When Gagan Biyani started building Udemy in 2009, he and his cofounders, Eren Bali and Oktay Caglar, had high hopes for the edtech startup. 

Biyani, who oversaw Udemy’s marketing and investor relations, left in 2012 to serve as a growth advisor for Lyft. In three short years, Udemy had grown its funding to $16 million, with 400,000 registered students using the platform (those numbers are much, much higher today). But that success took over a year to set up.

In a recent Twitter thread, Biyani detailed how the run-up to Udemy’s launch went (spoiler alert: mistakes were made). “We built an impressive product, but we were nobodies,” Biyani said in the thread. “We thought: we need money to build our vision, so let’s go talk to some investors. WRONG. Nobody gave a fuck that we needed money. We needed to prove we deserved their money.”

Biyani and his cofounders pitched to over 200 investors in 12 months of fundraising, and got over 200 rejections. But that didn’t stop them. They kept attempting to court investors or intermediaries who could connect them with investors, but growing their network didn’t pay off. Eventually, they realized that they needed their company to gain more traction before fundraising. Bootstrapping was the way to go.

Biyani confessed that he treated those initial investors as “adversaries” instead of appreciating them. “An investor's job isn't easy,” Biyani continued. “They kiss a ton of frogs just to find one deal that may make them money 10 years from now. They only win if you become a billion dollar company. Don’t kid yourself - if you aren’t the right fit, bootstrap. Risk-adjusted, bootstrapping can make you happier and more successful.”

Another mistake Biyani made was during the pitch itself: He focused too much on Udemy’s next quarter, when he should have focused more on the big picture. “Paint a picture of 10 years in future: how will the world be different and how will you build a $1B+ business?” he said.

After hundreds of refusals, Biyani thought his luck had returned, but it proved to be a red herring. “Everyone said no except one Turkish billionaire,” he said. “Don’t trust Turkish billionaires. Don’t trust any investors who are outside of the Valley ecosystem. The billionaire ghosted us.”

The Turkish billionaire fiasco proved too much for the founders. According to Biyani, “we accepted defeat and regrouped.” 

It was then that they realized their biggest error: not launching. “ Investors could smell our launch anxiety and didn’t invest because there was no traction or urgency,” Biyani said. “Show the investors you’ve got chutzpah. Press the button.”

Finally, Udemy had launched in early 2010, and by then, two VCs had signed on: Darian Shirazi and Bubba Muraka, both of whom were mentioned in Biyani’s thread. After that, investors like Keith Rabois and Russ Fradin jumped on board, snowballing progress. “There is a ‘whisper network’ amongst investors: they all share notes. If you want to raise a round, get into the network,” Biyani added.
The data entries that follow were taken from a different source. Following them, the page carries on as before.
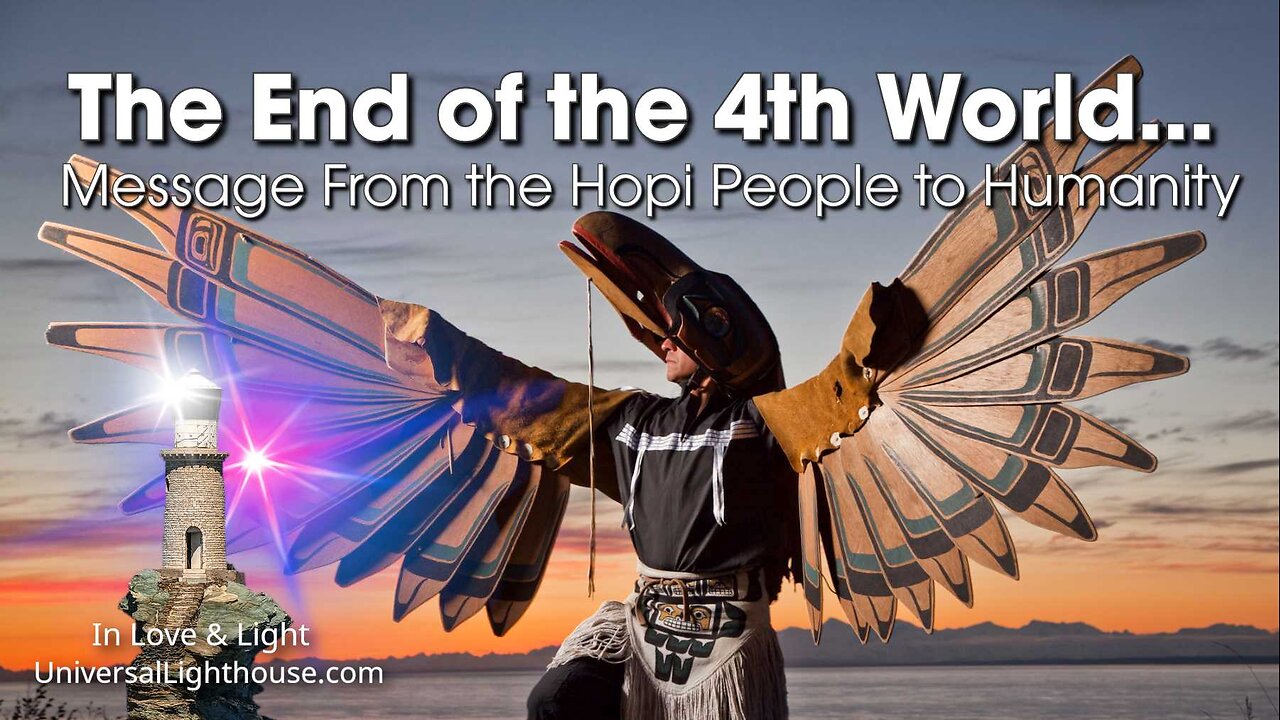 The End of the 4th World... Message From the Hopi People to Humanity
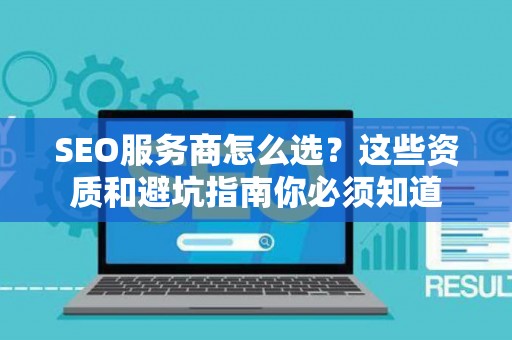 SEO服务商怎么选？这些资质和避坑指南你必须知道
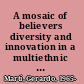 A mosaic of believers diversity and innovation in a multiethnic church /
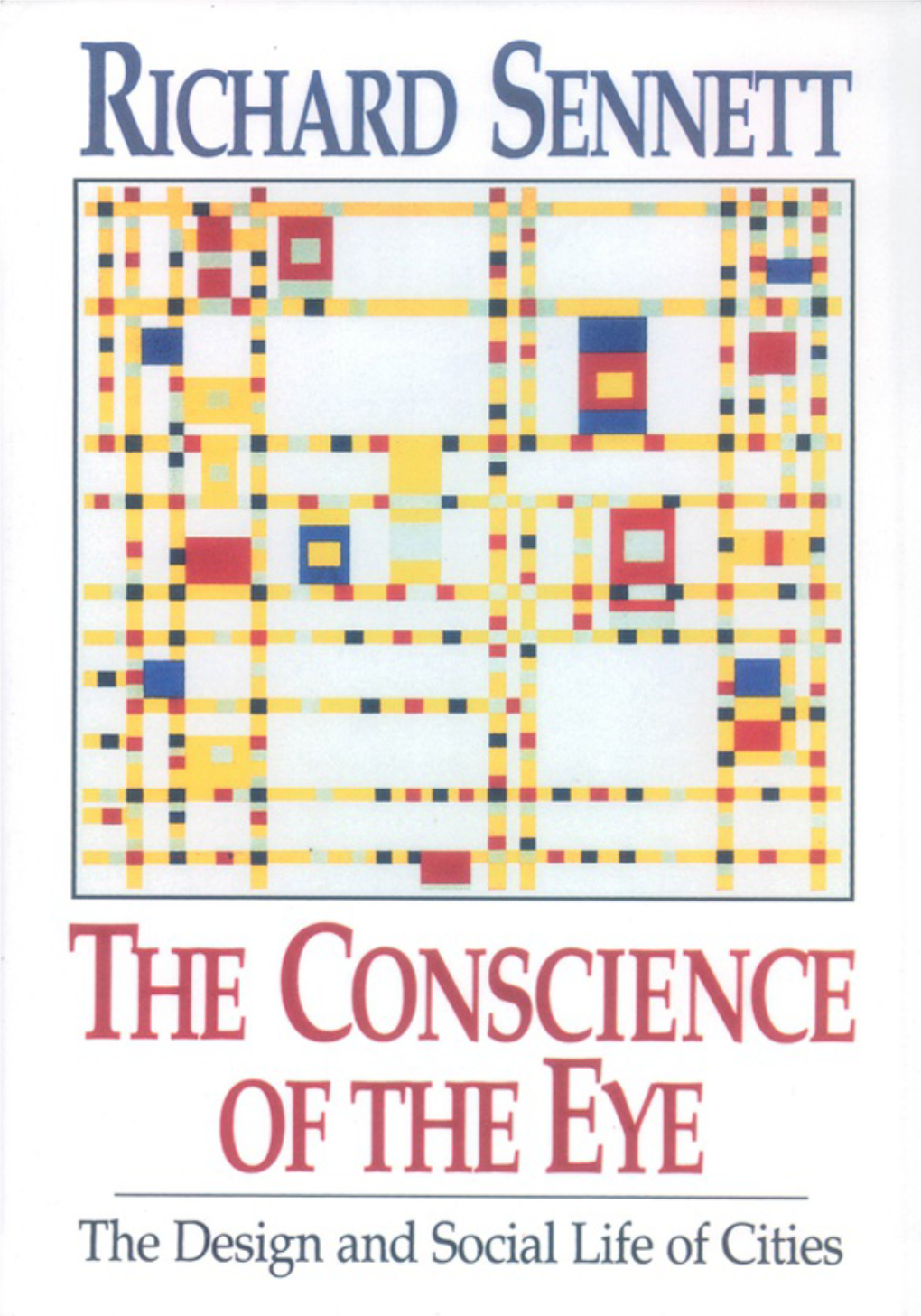 The Conscience of the Eye the Corrosion of Character the Fall of Public Man Families Against the City Flesh and Stone the Uses of Disorder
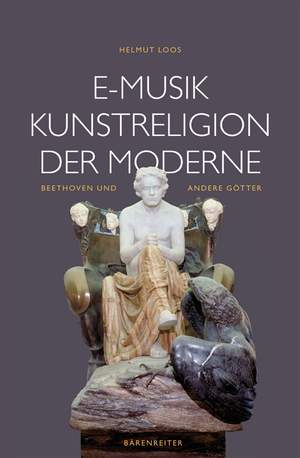 Loos, Helmut: E-Musik - Kunstreligion der Moderne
Ten years down the road, Udemy is worth $2 billion, and according to a report by the Information, the company is seeking a new round of funding to get up to $3 billion. The COVID-19 pandemic has accelerated edtech’s growth, but Udemy had been climbing years before that.

Biyani ended the thread with some words of encouragement to all the entrepreneurs out there. “Raising is only the beginning,” he said. “The real work continues; take a moment to celebrate, then get back to building!”